YOUR ASSIGNMENT: The records below are to be duplicated exactly as they appear.

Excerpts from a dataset
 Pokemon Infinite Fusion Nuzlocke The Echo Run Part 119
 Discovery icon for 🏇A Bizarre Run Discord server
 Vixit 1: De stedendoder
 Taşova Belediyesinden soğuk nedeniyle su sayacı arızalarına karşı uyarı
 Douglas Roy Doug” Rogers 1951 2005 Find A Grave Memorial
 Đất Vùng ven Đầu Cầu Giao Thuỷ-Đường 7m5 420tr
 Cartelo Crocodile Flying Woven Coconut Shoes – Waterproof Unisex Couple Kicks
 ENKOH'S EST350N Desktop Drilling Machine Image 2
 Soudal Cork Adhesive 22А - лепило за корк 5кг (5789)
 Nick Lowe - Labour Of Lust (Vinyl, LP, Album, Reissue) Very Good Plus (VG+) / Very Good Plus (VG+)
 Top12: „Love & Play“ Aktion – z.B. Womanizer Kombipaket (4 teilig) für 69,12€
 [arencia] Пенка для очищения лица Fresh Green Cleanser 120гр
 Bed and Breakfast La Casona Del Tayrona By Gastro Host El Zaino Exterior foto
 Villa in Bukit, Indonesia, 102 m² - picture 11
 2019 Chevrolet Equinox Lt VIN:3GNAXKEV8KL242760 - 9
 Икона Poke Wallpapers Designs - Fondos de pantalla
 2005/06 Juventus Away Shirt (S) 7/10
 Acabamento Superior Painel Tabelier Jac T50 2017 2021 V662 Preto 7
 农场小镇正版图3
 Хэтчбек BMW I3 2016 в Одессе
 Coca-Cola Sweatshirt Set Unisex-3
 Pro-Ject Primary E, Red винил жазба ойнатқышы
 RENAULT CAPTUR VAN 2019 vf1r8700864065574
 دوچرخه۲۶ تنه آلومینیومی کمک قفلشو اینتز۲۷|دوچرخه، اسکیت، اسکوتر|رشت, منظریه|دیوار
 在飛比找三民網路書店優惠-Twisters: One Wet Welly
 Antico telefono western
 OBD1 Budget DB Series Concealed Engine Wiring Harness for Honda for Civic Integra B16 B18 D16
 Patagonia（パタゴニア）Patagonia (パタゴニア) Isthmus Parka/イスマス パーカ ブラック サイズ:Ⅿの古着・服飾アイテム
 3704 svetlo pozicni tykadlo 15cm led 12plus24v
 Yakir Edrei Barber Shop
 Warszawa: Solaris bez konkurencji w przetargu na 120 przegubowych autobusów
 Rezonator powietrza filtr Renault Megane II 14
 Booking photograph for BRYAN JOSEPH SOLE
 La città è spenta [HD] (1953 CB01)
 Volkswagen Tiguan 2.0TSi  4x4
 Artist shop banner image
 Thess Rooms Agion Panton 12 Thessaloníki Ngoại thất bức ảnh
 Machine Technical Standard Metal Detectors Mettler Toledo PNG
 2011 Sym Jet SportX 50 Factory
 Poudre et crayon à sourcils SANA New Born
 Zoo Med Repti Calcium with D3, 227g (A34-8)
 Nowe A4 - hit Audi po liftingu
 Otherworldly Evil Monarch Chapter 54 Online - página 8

SOLUTION BELOW:
 Pokemon Infinite Fusion Nuzlocke The Echo Run Part 119
 Discovery icon for 🏇A Bizarre Run Discord server
 Vixit 1: De stedendoder
 Taşova Belediyesinden soğuk nedeniyle su sayacı arızalarına karşı uyarı
 Douglas Roy Doug” Rogers 1951 2005 Find A Grave Memorial
 Đất Vùng ven Đầu Cầu Giao Thuỷ-Đường 7m5 420tr
 Cartelo Crocodile Flying Woven Coconut Shoes – Waterproof Unisex Couple Kicks
 ENKOH'S EST350N Desktop Drilling Machine Image 2
 Soudal Cork Adhesive 22А - лепило за корк 5кг (5789)
 Nick Lowe - Labour Of Lust (Vinyl, LP, Album, Reissue) Very Good Plus (VG+) / Very Good Plus (VG+)
 Top12: „Love & Play“ Aktion – z.B. Womanizer Kombipaket (4 teilig) für 69,12€
 [arencia] Пенка для очищения лица Fresh Green Cleanser 120гр
 Bed and Breakfast La Casona Del Tayrona By Gastro Host El Zaino Exterior foto
 Villa in Bukit, Indonesia, 102 m² - picture 11
 2019 Chevrolet Equinox Lt VIN:3GNAXKEV8KL242760 - 9
 Икона Poke Wallpapers Designs - Fondos de pantalla
 2005/06 Juventus Away Shirt (S) 7/10
 Acabamento Superior Painel Tabelier Jac T50 2017 2021 V662 Preto 7
 农场小镇正版图3
 Хэтчбек BMW I3 2016 в Одессе
 Coca-Cola Sweatshirt Set Unisex-3
 Pro-Ject Primary E, Red винил жазба ойнатқышы
 RENAULT CAPTUR VAN 2019 vf1r8700864065574
 دوچرخه۲۶ تنه آلومینیومی کمک قفلشو اینتز۲۷|دوچرخه، اسکیت، اسکوتر|رشت, منظریه|دیوار
 在飛比找三民網路書店優惠-Twisters: One Wet Welly
 Antico telefono western
 OBD1 Budget DB Series Concealed Engine Wiring Harness for Honda for Civic Integra B16 B18 D16
 Patagonia（パタゴニア）Patagonia (パタゴニア) Isthmus Parka/イスマス パーカ ブラック サイズ:Ⅿの古着・服飾アイテム
 3704 svetlo pozicni tykadlo 15cm led 12plus24v
 Yakir Edrei Barber Shop
 Warszawa: Solaris bez konkurencji w przetargu na 120 przegubowych autobusów
 Rezonator powietrza filtr Renault Megane II 14
 Booking photograph for BRYAN JOSEPH SOLE
 La città è spenta [HD] (1953 CB01)
 Volkswagen Tiguan 2.0TSi  4x4
 Artist shop banner image
 Thess Rooms Agion Panton 12 Thessaloníki Ngoại thất bức ảnh
 Machine Technical Standard Metal Detectors Mettler Toledo PNG
 2011 Sym Jet SportX 50 Factory
 Poudre et crayon à sourcils SANA New Born
 Zoo Med Repti Calcium with D3, 227g (A34-8)
 Nowe A4 - hit Audi po liftingu
 Otherworldly Evil Monarch Chapter 54 Online - página 8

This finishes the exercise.